* [Material for this exercise]
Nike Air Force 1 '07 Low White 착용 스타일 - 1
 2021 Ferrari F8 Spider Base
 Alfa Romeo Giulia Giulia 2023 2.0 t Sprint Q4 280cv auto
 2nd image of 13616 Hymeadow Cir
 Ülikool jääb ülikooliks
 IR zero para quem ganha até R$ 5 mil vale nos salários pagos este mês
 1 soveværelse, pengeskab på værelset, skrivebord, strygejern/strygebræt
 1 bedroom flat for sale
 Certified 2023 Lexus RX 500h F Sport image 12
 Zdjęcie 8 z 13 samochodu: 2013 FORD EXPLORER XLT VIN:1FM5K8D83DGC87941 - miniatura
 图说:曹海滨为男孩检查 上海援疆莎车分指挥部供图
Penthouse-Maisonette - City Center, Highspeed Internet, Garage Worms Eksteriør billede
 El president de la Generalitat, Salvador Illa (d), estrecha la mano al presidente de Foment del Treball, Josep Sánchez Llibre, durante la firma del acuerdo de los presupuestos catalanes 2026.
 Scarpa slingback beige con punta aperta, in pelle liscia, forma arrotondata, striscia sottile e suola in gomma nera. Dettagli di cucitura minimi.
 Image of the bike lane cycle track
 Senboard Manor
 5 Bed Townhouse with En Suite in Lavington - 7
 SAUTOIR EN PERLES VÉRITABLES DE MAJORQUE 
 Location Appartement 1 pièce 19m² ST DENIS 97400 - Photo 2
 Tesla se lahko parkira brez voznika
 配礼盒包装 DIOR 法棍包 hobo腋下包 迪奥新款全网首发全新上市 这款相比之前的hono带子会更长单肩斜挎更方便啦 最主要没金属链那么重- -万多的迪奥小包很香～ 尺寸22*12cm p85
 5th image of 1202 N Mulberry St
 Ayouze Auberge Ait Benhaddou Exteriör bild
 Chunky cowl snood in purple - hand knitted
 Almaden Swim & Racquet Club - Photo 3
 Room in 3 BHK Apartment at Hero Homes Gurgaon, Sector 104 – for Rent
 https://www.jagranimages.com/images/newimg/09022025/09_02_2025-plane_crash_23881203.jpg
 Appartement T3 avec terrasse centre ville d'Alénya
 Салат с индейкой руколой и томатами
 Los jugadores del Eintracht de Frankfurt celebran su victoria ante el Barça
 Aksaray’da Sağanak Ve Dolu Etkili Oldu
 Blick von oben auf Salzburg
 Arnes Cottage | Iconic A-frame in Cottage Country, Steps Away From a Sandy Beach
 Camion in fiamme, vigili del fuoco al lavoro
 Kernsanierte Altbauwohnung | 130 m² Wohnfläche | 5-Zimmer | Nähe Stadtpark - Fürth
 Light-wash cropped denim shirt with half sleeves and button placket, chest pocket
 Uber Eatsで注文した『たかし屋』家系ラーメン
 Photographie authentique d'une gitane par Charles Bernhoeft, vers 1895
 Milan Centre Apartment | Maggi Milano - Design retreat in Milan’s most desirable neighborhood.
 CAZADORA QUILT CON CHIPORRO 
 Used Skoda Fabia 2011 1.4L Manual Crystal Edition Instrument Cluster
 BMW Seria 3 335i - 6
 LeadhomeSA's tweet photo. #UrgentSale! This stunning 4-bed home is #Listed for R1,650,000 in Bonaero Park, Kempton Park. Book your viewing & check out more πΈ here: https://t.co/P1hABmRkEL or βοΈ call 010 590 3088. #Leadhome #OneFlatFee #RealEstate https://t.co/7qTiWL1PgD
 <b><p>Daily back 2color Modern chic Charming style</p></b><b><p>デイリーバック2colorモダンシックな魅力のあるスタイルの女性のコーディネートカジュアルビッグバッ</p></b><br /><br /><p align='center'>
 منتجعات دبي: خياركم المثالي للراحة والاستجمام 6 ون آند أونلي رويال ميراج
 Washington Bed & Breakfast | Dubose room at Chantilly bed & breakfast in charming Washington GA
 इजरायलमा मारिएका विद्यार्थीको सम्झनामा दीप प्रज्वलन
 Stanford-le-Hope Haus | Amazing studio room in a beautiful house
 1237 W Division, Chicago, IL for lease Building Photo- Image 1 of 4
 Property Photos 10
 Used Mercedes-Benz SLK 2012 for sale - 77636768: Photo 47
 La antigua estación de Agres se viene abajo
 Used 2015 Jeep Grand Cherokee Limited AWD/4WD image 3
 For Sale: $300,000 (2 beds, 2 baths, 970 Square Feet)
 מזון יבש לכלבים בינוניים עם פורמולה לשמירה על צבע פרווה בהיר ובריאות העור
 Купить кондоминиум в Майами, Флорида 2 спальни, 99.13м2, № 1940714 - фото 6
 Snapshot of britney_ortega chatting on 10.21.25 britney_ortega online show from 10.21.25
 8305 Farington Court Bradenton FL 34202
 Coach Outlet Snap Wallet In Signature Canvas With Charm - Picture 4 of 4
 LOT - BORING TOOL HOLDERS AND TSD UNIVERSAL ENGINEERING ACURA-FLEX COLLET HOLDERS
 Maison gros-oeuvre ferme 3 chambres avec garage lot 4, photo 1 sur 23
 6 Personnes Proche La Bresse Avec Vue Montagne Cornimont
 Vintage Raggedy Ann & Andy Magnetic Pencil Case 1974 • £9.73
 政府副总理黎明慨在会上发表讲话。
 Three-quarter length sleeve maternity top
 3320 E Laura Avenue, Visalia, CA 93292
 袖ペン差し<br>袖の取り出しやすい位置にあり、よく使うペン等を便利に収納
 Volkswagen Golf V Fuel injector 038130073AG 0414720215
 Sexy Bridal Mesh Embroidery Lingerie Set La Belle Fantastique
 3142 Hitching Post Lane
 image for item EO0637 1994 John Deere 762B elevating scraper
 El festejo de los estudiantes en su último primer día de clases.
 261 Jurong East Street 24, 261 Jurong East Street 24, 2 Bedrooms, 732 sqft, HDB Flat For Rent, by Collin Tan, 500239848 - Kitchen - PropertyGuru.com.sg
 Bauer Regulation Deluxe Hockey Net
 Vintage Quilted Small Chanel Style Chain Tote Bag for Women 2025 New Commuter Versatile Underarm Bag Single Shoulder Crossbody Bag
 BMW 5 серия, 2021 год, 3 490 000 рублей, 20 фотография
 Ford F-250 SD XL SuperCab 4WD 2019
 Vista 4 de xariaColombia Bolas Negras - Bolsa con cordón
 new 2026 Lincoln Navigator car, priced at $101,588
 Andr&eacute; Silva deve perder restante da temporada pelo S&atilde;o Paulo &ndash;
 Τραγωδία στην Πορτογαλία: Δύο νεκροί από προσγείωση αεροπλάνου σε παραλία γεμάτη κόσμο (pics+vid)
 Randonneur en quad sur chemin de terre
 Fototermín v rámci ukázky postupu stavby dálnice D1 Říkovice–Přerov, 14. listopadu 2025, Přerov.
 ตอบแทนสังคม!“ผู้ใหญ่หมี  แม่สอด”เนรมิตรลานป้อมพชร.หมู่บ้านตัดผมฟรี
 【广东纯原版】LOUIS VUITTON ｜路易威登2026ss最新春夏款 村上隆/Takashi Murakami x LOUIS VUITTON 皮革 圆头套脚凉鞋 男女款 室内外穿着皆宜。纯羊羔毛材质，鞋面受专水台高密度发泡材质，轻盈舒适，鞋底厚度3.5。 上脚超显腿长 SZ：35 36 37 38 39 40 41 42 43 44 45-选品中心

* [Problem to work on]
Exactly as they stand above, retype all of the records.

* [Your solution]
Nike Air Force 1 '07 Low White 착용 스타일 - 1
 2021 Ferrari F8 Spider Base
 Alfa Romeo Giulia Giulia 2023 2.0 t Sprint Q4 280cv auto
 2nd image of 13616 Hymeadow Cir
 Ülikool jääb ülikooliks
 IR zero para quem ganha até R$ 5 mil vale nos salários pagos este mês
 1 soveværelse, pengeskab på værelset, skrivebord, strygejern/strygebræt
 1 bedroom flat for sale
 Certified 2023 Lexus RX 500h F Sport image 12
 Zdjęcie 8 z 13 samochodu: 2013 FORD EXPLORER XLT VIN:1FM5K8D83DGC87941 - miniatura
 图说:曹海滨为男孩检查 上海援疆莎车分指挥部供图
Penthouse-Maisonette - City Center, Highspeed Internet, Garage Worms Eksteriør billede
 El president de la Generalitat, Salvador Illa (d), estrecha la mano al presidente de Foment del Treball, Josep Sánchez Llibre, durante la firma del acuerdo de los presupuestos catalanes 2026.
 Scarpa slingback beige con punta aperta, in pelle liscia, forma arrotondata, striscia sottile e suola in gomma nera. Dettagli di cucitura minimi.
 Image of the bike lane cycle track
 Senboard Manor
 5 Bed Townhouse with En Suite in Lavington - 7
 SAUTOIR EN PERLES VÉRITABLES DE MAJORQUE 
 Location Appartement 1 pièce 19m² ST DENIS 97400 - Photo 2
 Tesla se lahko parkira brez voznika
 配礼盒包装 DIOR 法棍包 hobo腋下包 迪奥新款全网首发全新上市 这款相比之前的hono带子会更长单肩斜挎更方便啦 最主要没金属链那么重- -万多的迪奥小包很香～ 尺寸22*12cm p85
 5th image of 1202 N Mulberry St
 Ayouze Auberge Ait Benhaddou Exteriör bild
 Chunky cowl snood in purple - hand knitted
 Almaden Swim & Racquet Club - Photo 3
 Room in 3 BHK Apartment at Hero Homes Gurgaon, Sector 104 – for Rent
 https://www.jagranimages.com/images/newimg/09022025/09_02_2025-plane_crash_23881203.jpg
 Appartement T3 avec terrasse centre ville d'Alénya
 Салат с индейкой руколой и томатами
 Los jugadores del Eintracht de Frankfurt celebran su victoria ante el Barça
 Aksaray’da Sağanak Ve Dolu Etkili Oldu
 Blick von oben auf Salzburg
 Arnes Cottage | Iconic A-frame in Cottage Country, Steps Away From a Sandy Beach
 Camion in fiamme, vigili del fuoco al lavoro
 Kernsanierte Altbauwohnung | 130 m² Wohnfläche | 5-Zimmer | Nähe Stadtpark - Fürth
 Light-wash cropped denim shirt with half sleeves and button placket, chest pocket
 Uber Eatsで注文した『たかし屋』家系ラーメン
 Photographie authentique d'une gitane par Charles Bernhoeft, vers 1895
 Milan Centre Apartment | Maggi Milano - Design retreat in Milan’s most desirable neighborhood.
 CAZADORA QUILT CON CHIPORRO 
 Used Skoda Fabia 2011 1.4L Manual Crystal Edition Instrument Cluster
 BMW Seria 3 335i - 6
 LeadhomeSA's tweet photo. #UrgentSale! This stunning 4-bed home is #Listed for R1,650,000 in Bonaero Park, Kempton Park. Book your viewing & check out more πΈ here: https://t.co/P1hABmRkEL or βοΈ call 010 590 3088. #Leadhome #OneFlatFee #RealEstate https://t.co/7qTiWL1PgD
 <b><p>Daily back 2color Modern chic Charming style</p></b><b><p>デイリーバック2colorモダンシックな魅力のあるスタイルの女性のコーディネートカジュアルビッグバッ</p></b><br /><br /><p align='center'>
 منتجعات دبي: خياركم المثالي للراحة والاستجمام 6 ون آند أونلي رويال ميراج
 Washington Bed & Breakfast | Dubose room at Chantilly bed & breakfast in charming Washington GA
 इजरायलमा मारिएका विद्यार्थीको सम्झनामा दीप प्रज्वलन
 Stanford-le-Hope Haus | Amazing studio room in a beautiful house
 1237 W Division, Chicago, IL for lease Building Photo- Image 1 of 4
 Property Photos 10
 Used Mercedes-Benz SLK 2012 for sale - 77636768: Photo 47
 La antigua estación de Agres se viene abajo
 Used 2015 Jeep Grand Cherokee Limited AWD/4WD image 3
 For Sale: $300,000 (2 beds, 2 baths, 970 Square Feet)
 מזון יבש לכלבים בינוניים עם פורמולה לשמירה על צבע פרווה בהיר ובריאות העור
 Купить кондоминиум в Майами, Флорида 2 спальни, 99.13м2, № 1940714 - фото 6
 Snapshot of britney_ortega chatting on 10.21.25 britney_ortega online show from 10.21.25
 8305 Farington Court Bradenton FL 34202
 Coach Outlet Snap Wallet In Signature Canvas With Charm - Picture 4 of 4
 LOT - BORING TOOL HOLDERS AND TSD UNIVERSAL ENGINEERING ACURA-FLEX COLLET HOLDERS
 Maison gros-oeuvre ferme 3 chambres avec garage lot 4, photo 1 sur 23
 6 Personnes Proche La Bresse Avec Vue Montagne Cornimont
 Vintage Raggedy Ann & Andy Magnetic Pencil Case 1974 • £9.73
 政府副总理黎明慨在会上发表讲话。
 Three-quarter length sleeve maternity top
 3320 E Laura Avenue, Visalia, CA 93292
 袖ペン差し<br>袖の取り出しやすい位置にあり、よく使うペン等を便利に収納
 Volkswagen Golf V Fuel injector 038130073AG 0414720215
 Sexy Bridal Mesh Embroidery Lingerie Set La Belle Fantastique
 3142 Hitching Post Lane
 image for item EO0637 1994 John Deere 762B elevating scraper
 El festejo de los estudiantes en su último primer día de clases.
 261 Jurong East Street 24, 261 Jurong East Street 24, 2 Bedrooms, 732 sqft, HDB Flat For Rent, by Collin Tan, 500239848 - Kitchen - PropertyGuru.com.sg
 Bauer Regulation Deluxe Hockey Net
 Vintage Quilted Small Chanel Style Chain Tote Bag for Women 2025 New Commuter Versatile Underarm Bag Single Shoulder Crossbody Bag
 BMW 5 серия, 2021 год, 3 490 000 рублей, 20 фотография
 Ford F-250 SD XL SuperCab 4WD 2019
 Vista 4 de xariaColombia Bolas Negras - Bolsa con cordón
 new 2026 Lincoln Navigator car, priced at $101,588
 Andr&eacute; Silva deve perder restante da temporada pelo S&atilde;o Paulo &ndash;
 Τραγωδία στην Πορτογαλία: Δύο νεκροί από προσγείωση αεροπλάνου σε παραλία γεμάτη κόσμο (pics+vid)
 Randonneur en quad sur chemin de terre
 Fototermín v rámci ukázky postupu stavby dálnice D1 Říkovice–Přerov, 14. listopadu 2025, Přerov.
 ตอบแทนสังคม!“ผู้ใหญ่หมี  แม่สอด”เนรมิตรลานป้อมพชร.หมู่บ้านตัดผมฟรี
 【广东纯原版】LOUIS VUITTON ｜路易威登2026ss最新春夏款 村上隆/Takashi Murakami x LOUIS VUITTON 皮革 圆头套脚凉鞋 男女款 室内外穿着皆宜。纯羊羔毛材质，鞋面受专水台高密度发泡材质，轻盈舒适，鞋底厚度3.5。 上脚超显腿长 SZ：35 36 37 38 39 40 41 42 43 44 45-选品中心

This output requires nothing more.